Kommt in 2023: Deutsches Hinweisgeberschutzgesetz im Bundestag beschlossen

Betroffenheit:

-> Unternehmen ab 50 Mitarbeitern

-> Unternehmen unter 50 Mitarbeitern im Bereich der Finanzdienstleistungen, Finanzprodukte und Finanzmärkte (bei Gefahr der Möglichkeit zur Geldwäsche und Terrorismusfinanzierung)

-> Unternehmen unter 50 Mitarbeitern nach einer Risikobewertung durch Mitgliedstaaten über ein Risiko für die öffentliche Gesundheit und die Umwelt

-> Juristische Personen des öffentlichen Rechts wie Verwaltungen oder Gemeinden

Am 16. Dezember 2019 trat die EU-Richtlinie 2019/1937 in Kraft. Oft als „Whistleblower-Richtlinie“ (WBRL) oder auch “Hinweisgeber-Richtlinie” (HGRL) bezeichnet, dient sie dem Aufdecken und Unterbinden von Verstößen gegen das Unionsrecht sowie dem Schutz von Personen, die diese Verstöße melden.

Eine Umsetzung der Richtlinie in deutsches Recht soll durch das Hinweisgeberschutzgesetz erfolgen, das nunmehr im Entwurf der Bundesregierung vorliegt.

ENTWURF HINWEISGEBERSCHUTZGESETZ

Von der Möglichkeit, bei der erforderlichen Umsetzung der Richtlinie in das jeweilige nationale Recht der Mitgliedsstaaten die europäischen Vorgaben zu verschärfen, hat der deutsche Gesetzgeber im Entwurf des Hinweisgeberschutzgesetzes (HinSchG-E) Gebrauch gemacht.

Anders als die Richtlinie bezieht sich der deutsche Gesetzentwurf der Bundesregierung nicht nur auf Verstöße gegen EU-Recht, sondern gilt auch für Verstöße gegen deutsches Recht. Umfasst werden sämtliche in diese Rechtsgebiete fallenden Gesetze, Rechtsverordnungen und sonstigen Vorschriften des Bundes und der Länder sowie sämtliche Verbotsnormen des Straf- und Ordnungswidrigkeitenrechts.

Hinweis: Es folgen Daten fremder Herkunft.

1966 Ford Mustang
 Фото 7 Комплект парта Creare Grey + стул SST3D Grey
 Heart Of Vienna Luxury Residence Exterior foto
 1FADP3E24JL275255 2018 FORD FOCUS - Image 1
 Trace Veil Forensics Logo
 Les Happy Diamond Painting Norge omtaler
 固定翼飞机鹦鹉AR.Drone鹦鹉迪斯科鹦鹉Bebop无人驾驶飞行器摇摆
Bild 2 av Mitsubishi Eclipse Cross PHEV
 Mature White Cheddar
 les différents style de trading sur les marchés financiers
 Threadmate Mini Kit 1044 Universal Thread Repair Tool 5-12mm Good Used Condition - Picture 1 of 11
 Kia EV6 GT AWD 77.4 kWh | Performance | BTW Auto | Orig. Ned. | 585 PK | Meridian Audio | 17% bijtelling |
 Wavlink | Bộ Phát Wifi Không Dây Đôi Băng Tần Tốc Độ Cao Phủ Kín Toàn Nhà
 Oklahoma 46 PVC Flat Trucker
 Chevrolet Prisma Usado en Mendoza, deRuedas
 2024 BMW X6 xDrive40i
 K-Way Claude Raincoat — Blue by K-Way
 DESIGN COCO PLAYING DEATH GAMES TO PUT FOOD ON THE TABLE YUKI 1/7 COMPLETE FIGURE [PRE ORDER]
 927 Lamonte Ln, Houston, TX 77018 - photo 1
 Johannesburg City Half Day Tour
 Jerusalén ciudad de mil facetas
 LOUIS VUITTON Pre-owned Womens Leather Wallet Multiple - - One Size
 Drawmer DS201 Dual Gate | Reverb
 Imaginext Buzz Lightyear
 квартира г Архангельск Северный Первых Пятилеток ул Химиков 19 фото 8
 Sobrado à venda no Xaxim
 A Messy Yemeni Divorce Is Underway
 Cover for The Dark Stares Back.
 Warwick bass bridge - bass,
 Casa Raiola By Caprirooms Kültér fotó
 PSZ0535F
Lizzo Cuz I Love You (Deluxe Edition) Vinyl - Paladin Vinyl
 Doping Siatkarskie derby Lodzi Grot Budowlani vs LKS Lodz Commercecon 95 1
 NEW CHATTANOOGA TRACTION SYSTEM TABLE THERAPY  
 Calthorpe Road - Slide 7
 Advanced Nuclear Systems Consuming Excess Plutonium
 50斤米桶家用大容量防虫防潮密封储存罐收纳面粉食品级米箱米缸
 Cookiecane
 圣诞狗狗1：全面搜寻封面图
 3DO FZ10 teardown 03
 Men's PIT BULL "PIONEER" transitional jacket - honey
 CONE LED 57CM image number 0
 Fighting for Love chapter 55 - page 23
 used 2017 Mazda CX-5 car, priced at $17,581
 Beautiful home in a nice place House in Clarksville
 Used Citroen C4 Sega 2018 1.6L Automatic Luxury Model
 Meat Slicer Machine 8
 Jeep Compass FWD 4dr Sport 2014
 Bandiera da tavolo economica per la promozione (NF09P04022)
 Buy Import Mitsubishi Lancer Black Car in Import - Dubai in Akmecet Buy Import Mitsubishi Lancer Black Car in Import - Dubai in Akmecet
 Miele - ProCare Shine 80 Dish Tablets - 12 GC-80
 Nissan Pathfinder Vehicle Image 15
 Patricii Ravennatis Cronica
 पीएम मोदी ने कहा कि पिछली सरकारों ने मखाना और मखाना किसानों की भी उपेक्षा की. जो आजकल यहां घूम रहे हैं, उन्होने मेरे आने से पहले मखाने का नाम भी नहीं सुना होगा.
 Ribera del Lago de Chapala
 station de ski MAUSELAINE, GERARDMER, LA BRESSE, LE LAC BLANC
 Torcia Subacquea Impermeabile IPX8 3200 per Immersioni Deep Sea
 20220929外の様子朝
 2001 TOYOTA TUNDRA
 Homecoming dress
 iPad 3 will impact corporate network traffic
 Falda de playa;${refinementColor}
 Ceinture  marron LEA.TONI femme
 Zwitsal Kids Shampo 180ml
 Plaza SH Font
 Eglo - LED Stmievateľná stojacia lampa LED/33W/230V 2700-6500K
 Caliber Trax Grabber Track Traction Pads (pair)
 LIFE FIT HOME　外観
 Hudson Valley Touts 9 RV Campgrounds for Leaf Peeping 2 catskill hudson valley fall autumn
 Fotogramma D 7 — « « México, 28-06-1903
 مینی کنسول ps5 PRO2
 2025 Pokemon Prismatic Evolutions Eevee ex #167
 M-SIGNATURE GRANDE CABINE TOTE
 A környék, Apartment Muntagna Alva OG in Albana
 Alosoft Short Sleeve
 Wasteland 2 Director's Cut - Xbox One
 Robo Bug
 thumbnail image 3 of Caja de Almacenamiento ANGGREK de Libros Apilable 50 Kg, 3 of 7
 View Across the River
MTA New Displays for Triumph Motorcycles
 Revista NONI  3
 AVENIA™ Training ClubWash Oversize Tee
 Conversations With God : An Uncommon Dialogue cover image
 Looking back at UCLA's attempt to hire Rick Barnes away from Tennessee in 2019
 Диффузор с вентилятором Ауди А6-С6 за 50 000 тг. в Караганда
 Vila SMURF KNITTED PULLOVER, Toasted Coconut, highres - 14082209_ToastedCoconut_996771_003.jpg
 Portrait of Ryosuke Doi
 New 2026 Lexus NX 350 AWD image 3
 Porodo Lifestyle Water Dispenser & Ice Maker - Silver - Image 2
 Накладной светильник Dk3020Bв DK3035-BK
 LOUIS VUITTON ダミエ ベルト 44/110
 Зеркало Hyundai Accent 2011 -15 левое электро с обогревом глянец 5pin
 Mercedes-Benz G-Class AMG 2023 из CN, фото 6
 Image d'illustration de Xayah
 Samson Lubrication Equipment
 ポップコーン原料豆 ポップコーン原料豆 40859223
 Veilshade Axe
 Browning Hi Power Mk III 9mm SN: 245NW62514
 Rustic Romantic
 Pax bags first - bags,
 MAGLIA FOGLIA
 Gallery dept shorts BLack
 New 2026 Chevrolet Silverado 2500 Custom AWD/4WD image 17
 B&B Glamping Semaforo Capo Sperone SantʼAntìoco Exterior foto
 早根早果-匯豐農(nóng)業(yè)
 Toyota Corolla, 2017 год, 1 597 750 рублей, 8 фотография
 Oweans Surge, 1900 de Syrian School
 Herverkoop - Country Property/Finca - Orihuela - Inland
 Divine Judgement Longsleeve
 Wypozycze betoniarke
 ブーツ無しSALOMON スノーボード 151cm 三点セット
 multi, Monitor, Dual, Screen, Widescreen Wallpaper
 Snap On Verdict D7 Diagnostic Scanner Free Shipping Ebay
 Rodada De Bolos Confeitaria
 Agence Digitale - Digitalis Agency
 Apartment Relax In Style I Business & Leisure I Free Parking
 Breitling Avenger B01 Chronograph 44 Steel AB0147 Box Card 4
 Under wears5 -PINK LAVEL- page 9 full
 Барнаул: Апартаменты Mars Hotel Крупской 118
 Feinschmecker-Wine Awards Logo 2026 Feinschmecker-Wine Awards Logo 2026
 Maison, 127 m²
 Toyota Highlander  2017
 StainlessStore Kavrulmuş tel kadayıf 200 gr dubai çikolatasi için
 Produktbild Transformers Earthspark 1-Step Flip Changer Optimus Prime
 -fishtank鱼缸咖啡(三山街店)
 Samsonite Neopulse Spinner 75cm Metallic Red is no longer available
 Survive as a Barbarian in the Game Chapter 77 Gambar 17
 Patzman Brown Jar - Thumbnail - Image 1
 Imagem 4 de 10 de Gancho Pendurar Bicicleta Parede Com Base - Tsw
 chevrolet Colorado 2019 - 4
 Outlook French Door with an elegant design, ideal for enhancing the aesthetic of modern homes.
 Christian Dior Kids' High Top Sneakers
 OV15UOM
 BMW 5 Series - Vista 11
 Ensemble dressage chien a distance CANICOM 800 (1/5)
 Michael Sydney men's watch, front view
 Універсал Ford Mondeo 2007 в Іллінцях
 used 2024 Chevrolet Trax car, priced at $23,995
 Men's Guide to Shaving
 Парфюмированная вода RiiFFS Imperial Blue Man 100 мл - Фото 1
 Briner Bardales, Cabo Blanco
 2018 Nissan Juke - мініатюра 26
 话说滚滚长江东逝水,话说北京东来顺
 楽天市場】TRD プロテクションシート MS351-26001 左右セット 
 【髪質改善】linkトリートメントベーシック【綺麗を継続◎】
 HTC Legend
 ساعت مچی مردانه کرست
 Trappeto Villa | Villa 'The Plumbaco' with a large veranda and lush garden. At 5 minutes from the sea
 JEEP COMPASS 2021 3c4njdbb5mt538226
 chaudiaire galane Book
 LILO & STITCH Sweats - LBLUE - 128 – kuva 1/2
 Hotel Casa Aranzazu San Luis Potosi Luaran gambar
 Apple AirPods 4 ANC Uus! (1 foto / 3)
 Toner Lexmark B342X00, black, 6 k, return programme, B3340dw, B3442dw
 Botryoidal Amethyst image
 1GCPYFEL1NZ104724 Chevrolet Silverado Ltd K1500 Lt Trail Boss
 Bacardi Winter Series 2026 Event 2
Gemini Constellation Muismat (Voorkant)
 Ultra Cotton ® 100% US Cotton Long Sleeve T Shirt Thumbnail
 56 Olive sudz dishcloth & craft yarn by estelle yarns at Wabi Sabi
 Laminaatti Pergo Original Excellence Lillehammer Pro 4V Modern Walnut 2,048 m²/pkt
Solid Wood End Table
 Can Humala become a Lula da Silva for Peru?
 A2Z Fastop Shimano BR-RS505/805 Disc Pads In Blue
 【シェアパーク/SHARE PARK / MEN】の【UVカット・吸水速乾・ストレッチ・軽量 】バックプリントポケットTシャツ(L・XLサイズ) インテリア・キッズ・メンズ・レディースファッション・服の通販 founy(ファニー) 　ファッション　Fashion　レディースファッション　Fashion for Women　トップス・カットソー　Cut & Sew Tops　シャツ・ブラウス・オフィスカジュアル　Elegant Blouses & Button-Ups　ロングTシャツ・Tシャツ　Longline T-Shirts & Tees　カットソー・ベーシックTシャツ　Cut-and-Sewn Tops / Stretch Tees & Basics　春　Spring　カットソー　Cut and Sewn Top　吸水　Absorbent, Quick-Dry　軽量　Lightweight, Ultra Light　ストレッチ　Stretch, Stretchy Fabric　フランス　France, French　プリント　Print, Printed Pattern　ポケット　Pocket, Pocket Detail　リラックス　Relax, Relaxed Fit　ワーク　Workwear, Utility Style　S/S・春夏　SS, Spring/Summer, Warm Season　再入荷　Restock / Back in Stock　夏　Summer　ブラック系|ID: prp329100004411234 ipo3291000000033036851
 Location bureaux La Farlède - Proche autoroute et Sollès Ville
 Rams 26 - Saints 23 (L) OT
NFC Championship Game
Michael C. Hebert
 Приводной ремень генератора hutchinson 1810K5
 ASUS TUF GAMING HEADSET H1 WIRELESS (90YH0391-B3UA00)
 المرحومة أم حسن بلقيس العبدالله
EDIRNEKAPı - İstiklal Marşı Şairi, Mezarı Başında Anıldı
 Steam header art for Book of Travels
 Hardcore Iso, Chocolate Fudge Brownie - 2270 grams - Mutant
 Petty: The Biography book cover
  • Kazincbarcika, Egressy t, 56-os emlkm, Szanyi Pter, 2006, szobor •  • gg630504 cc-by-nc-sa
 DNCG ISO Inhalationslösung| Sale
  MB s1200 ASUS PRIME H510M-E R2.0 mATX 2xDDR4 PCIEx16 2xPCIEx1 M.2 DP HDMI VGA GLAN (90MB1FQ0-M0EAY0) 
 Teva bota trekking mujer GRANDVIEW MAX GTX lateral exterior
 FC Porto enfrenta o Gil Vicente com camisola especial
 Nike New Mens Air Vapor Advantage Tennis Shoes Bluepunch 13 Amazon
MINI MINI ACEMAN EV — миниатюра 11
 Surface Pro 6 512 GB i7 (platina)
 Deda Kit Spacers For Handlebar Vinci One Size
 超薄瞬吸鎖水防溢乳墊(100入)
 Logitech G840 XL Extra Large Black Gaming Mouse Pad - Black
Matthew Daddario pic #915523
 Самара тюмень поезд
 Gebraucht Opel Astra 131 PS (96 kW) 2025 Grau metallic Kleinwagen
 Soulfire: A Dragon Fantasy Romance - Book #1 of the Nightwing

Nicht vom sachlichen Anwendungsbereich erfasst sind Verstöße gegen unternehmensinternes Recht, wenn sie nicht zugleich auch Verstöße i.S.v. § 2 Abs. 1 Nr. 1 HinSchG-E darstellen. Dazu gehören verschiedene in den Compliance-Bereich fallende interne Richtlinien wie zum Beispiel eine Unterschriften-, IT- oder Reisekostenrichtlinie.

Die interne Meldestelle sollte laut der Entwurfsbegründung zwar auch anonym eingehende Meldungen bearbeiten, soweit dadurch die vorrangige Bearbeitung nichtanonymer Meldungen nicht gefährdet wird. Allerdings besteht keine Verpflichtung, die Meldekanäle so zu gestalten, dass sie die Abgabe anonymer Meldungen ermöglichen.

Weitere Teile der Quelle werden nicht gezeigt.